We identified proteins with significantly more substitutions with binomial tests (p = average percent of substitutions in all proteins, m = number of substitutions in a protein, N = length of a protein) followed by False Discovery Rate (FDR) tests . We considered proteins with Q-values (maximal FDR level) smaller than 0.1 to be significantly enriched in substitutions. We excluded the regions that were predicted to be structurally disordered and performed similar tests. Enriched GO terms associated with these substitution-enriched proteins were identified with another binomial test (P = probability of this GO-term being associated with any protein, m = number of substitution-enriched proteins associated with this GO-term, N = number of substitution-enriched proteins). The significantly enriched GO terms were submitted to the REVIGO  web server to cluster similar GO terms and visualize them.

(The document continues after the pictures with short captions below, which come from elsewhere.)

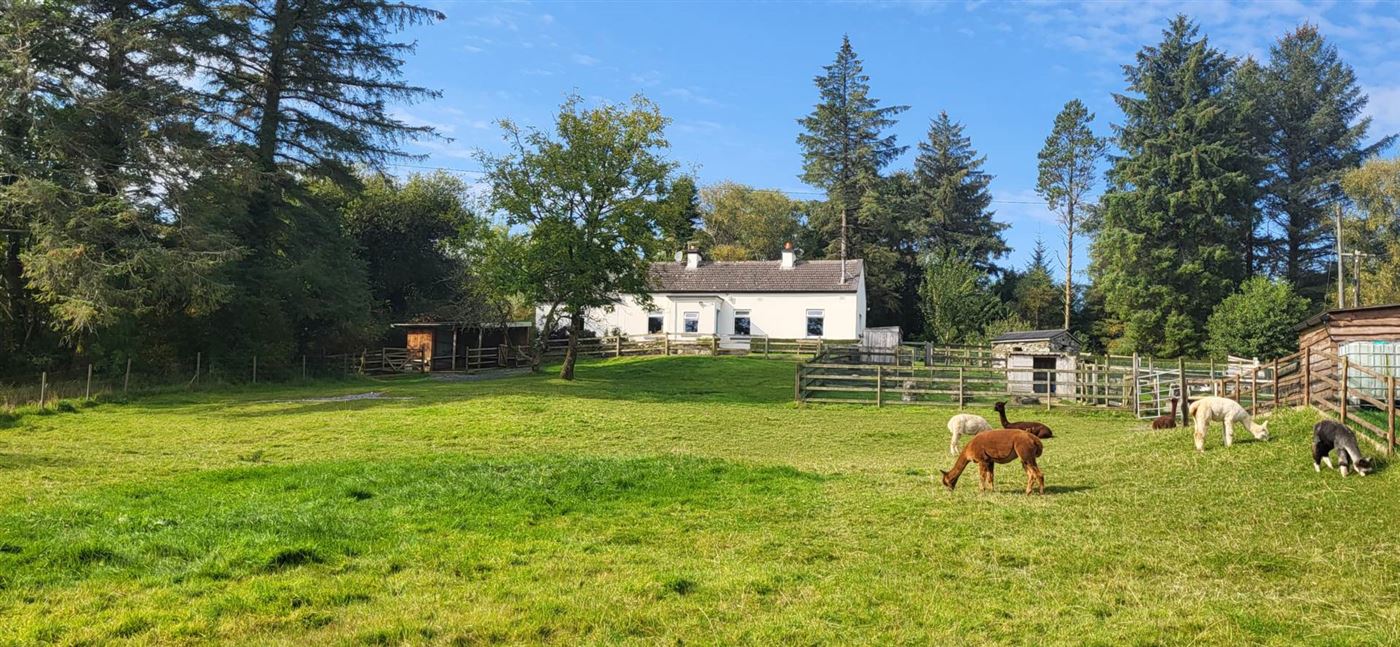 Curraduff Farm, Curraduff, Oughterard, County Galway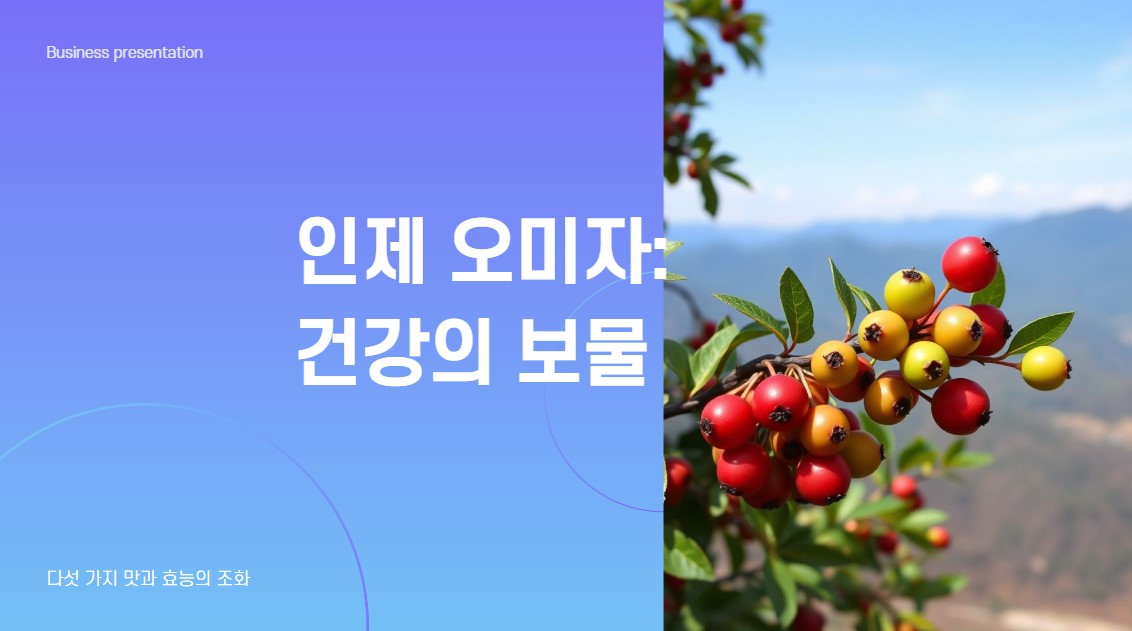 인제 오미자 건강의 보물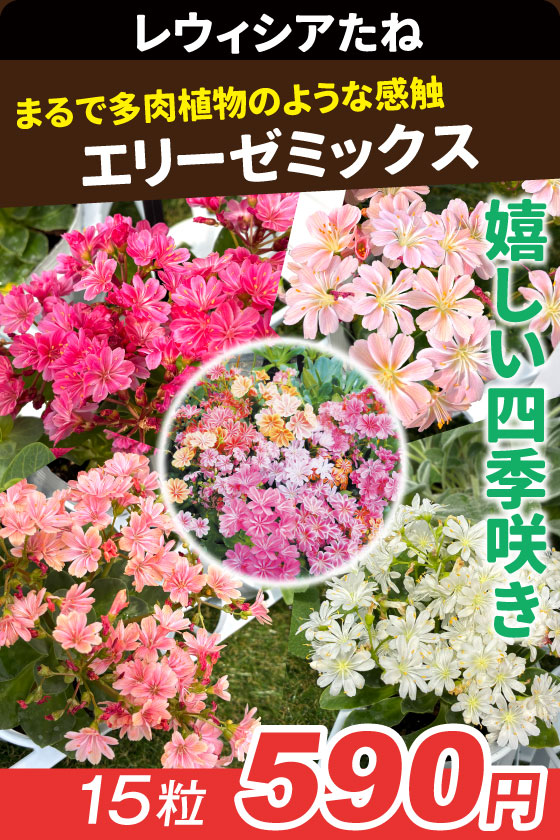 国華園オンラインショップ / 花壇・鉢向きたね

Phylogenetic tree reconstruction
We performed the phylogenetic analysis based on the 2940 universal single-copy orthologs in the Lepidoptera genomes (Lac, Bmo, Pxy, Dpl, Hme, Mci, and Pgl) detected by OrthoMCL. We built alignment for each orthologous group using both global sequence aligner MAFFT and local sequence aligner BLASTP. 570,686 positions that were consistently aligned by both aligners were extracted. All the alignments were concatenated and the aligned positions were randomly divided to 100 groups, so that each group contained about 5,706 or 5,707 aligned positions. We repeated this procedure 10 times to obtain a total of 1,000 representative alignments for phylogenetic analysis. In addition, the 1,991 alignments of individual orthologous groups containing more than 100 aligned positions were used as a separate data set in the phylogenetic analysis.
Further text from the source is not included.